I built my panel lights with LEDs for less than 10 dollars and less than 2
pounds total. Switches included.
Happy Flying,
Joe
"Ron Wanttaja" wrote in message
...
On Mon, 29 Mar 2004 22:58:44 -0600, "JH" u wrote:
Personally, I enjoy an evening flight that lasts into twilight and a
little beyond. The air is calmer. Air traffic chatter is less. The
lights of
the countryside are beautiful. And the stars and moon seem closer.
Realize
it is riskier. But leaving the ground is riskier.
r
Don't have to use it if installed. If not installed, CAN'T use it. If
it
helps you get home once or twice a year, it is well worth it. IMHO
As ever, it depends on the builder's mission. Putting lights (and the
capability to power them) on a typical Fly Baby would add ~40-60 pounds.
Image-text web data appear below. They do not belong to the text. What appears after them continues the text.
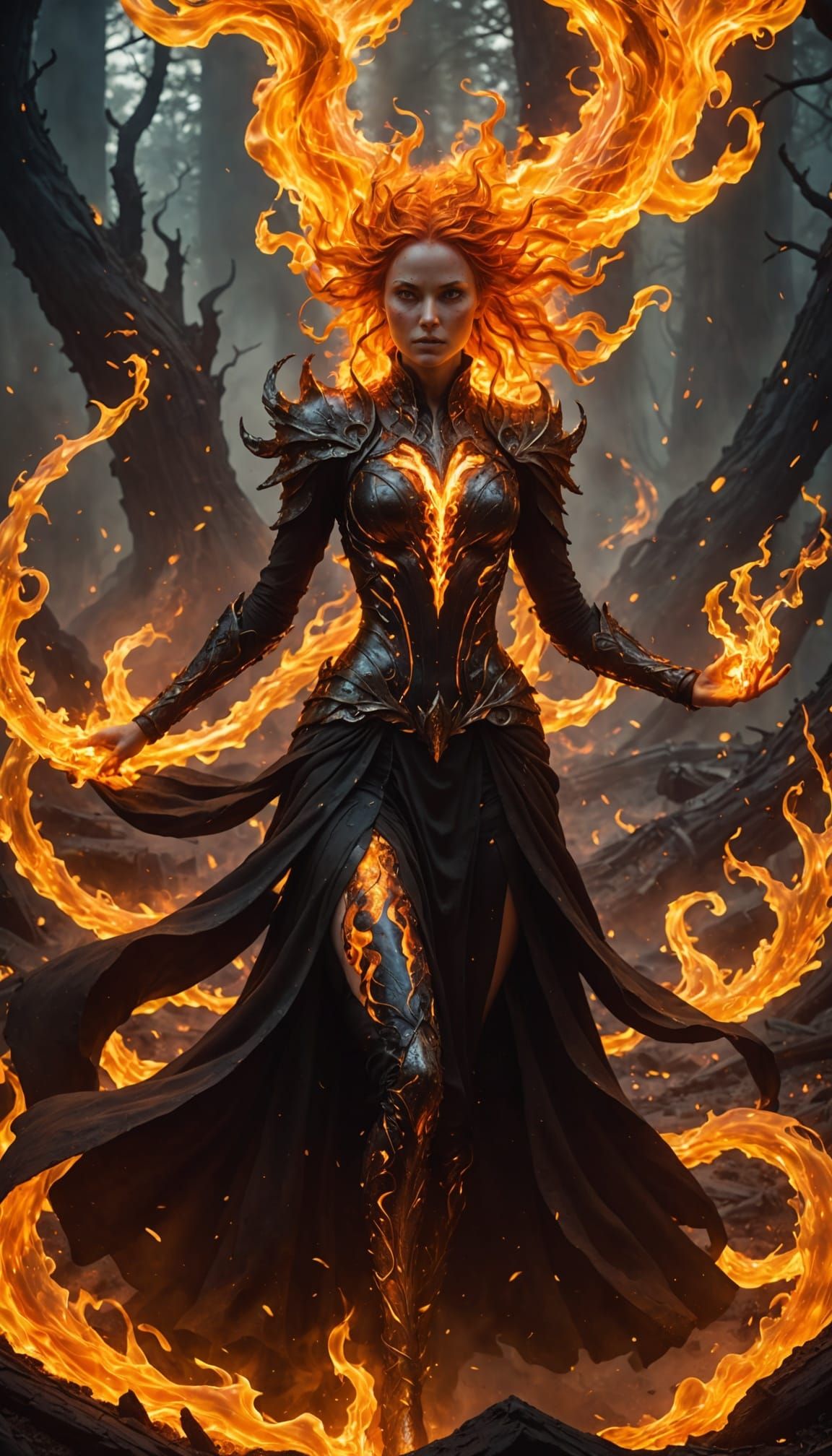 Fire Elemental Woman in Blazing Crater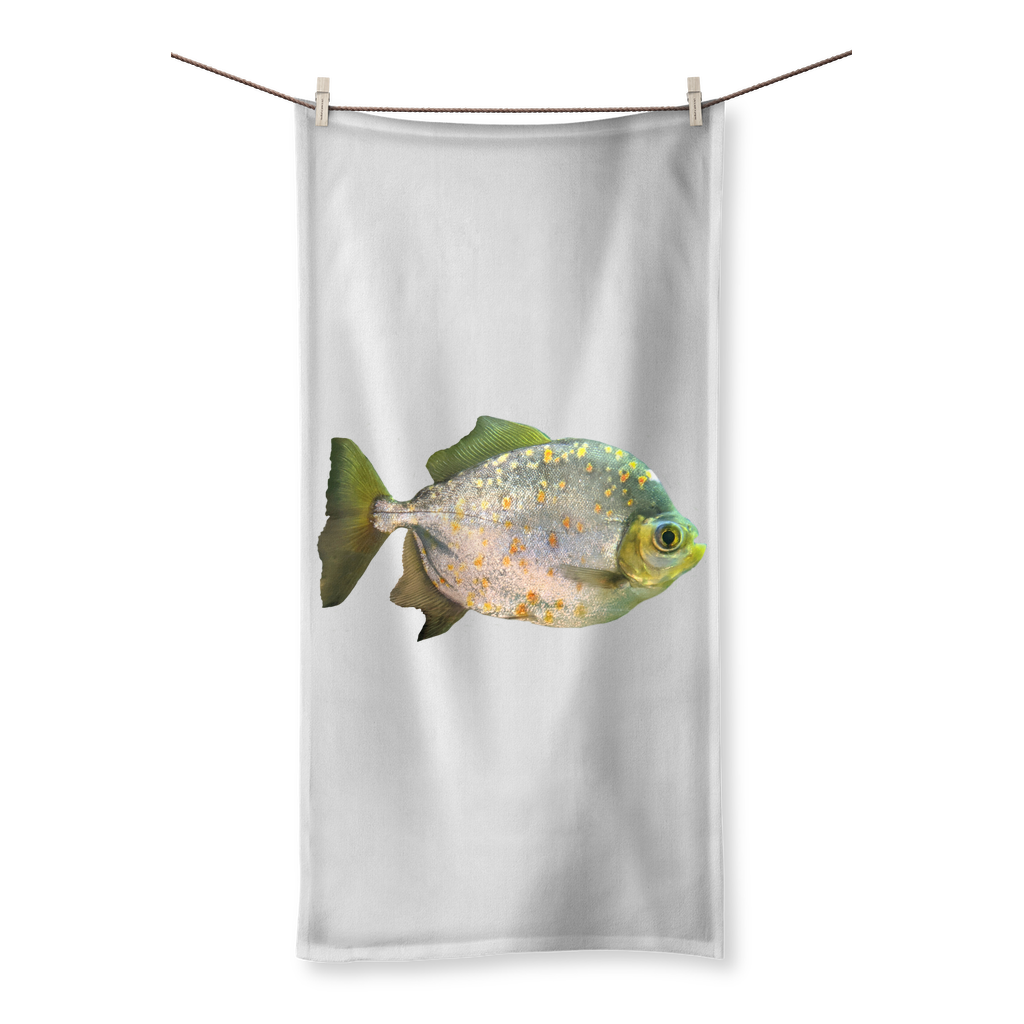 FishwithSpecs Sublimation All Over Towel featuring vibrant prints on one side and soft cotton backing on the other, available in multiple sizes.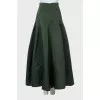 Green silk maxi skirt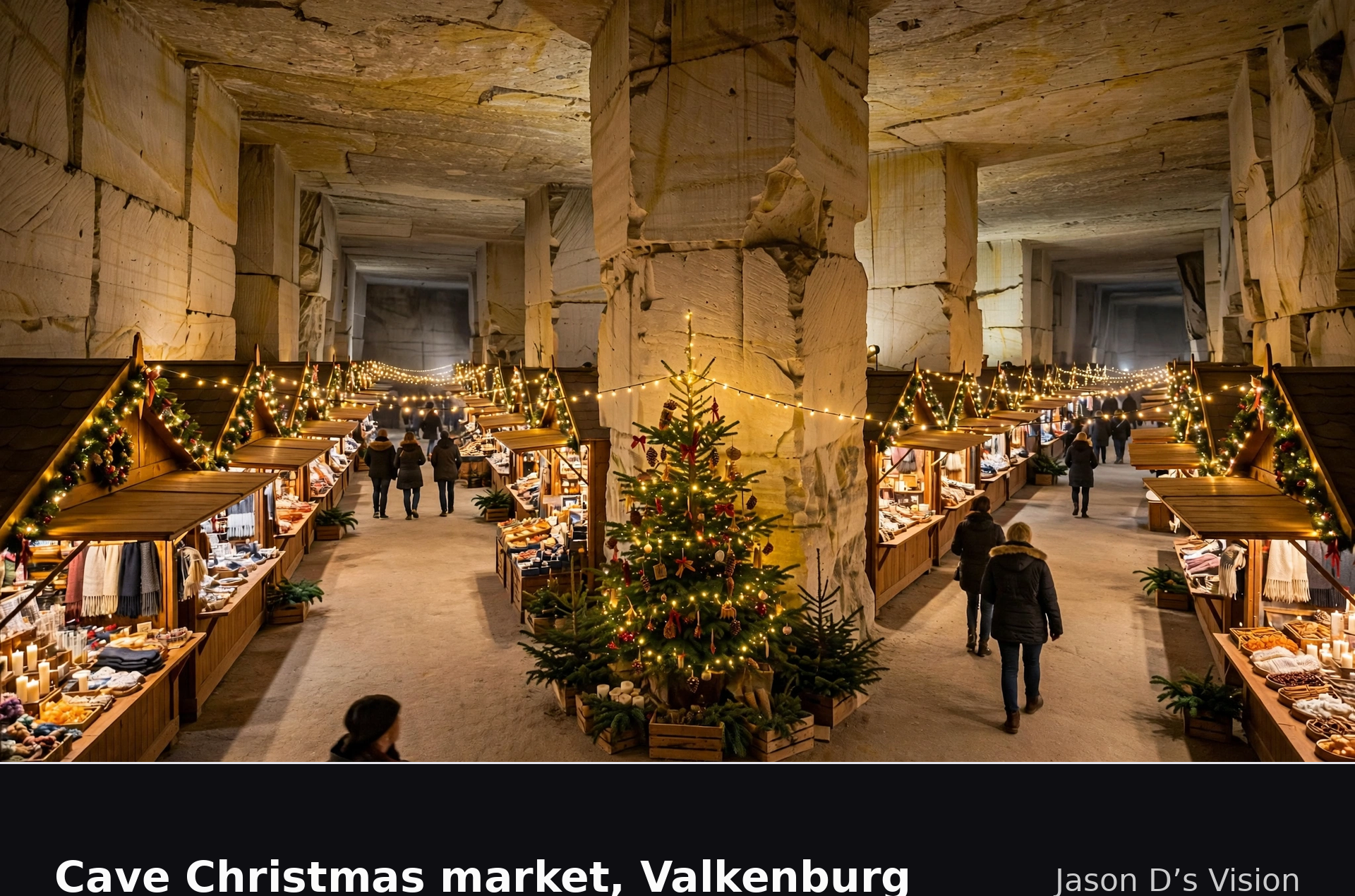 AI-generated artistic interpretation of the Gemeentegrot Christmas market in Valkenburg, wooden chalets inside a cream marl cave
That's a 10-20% hit on useful load.
Just illustrates the ever-present danger of mission creep. Most folks
won't be satisfied with just nav lights and a strobe. They want a
landing
light, too. Oops, got a taildragger, so I need *two* landing lights
(one
to light the taxiway in three-point attitude). What about the panel
lights? Most people probably aren't happy with the cyalume lightstick I
use, so in goes the post lighting for the instrument panel.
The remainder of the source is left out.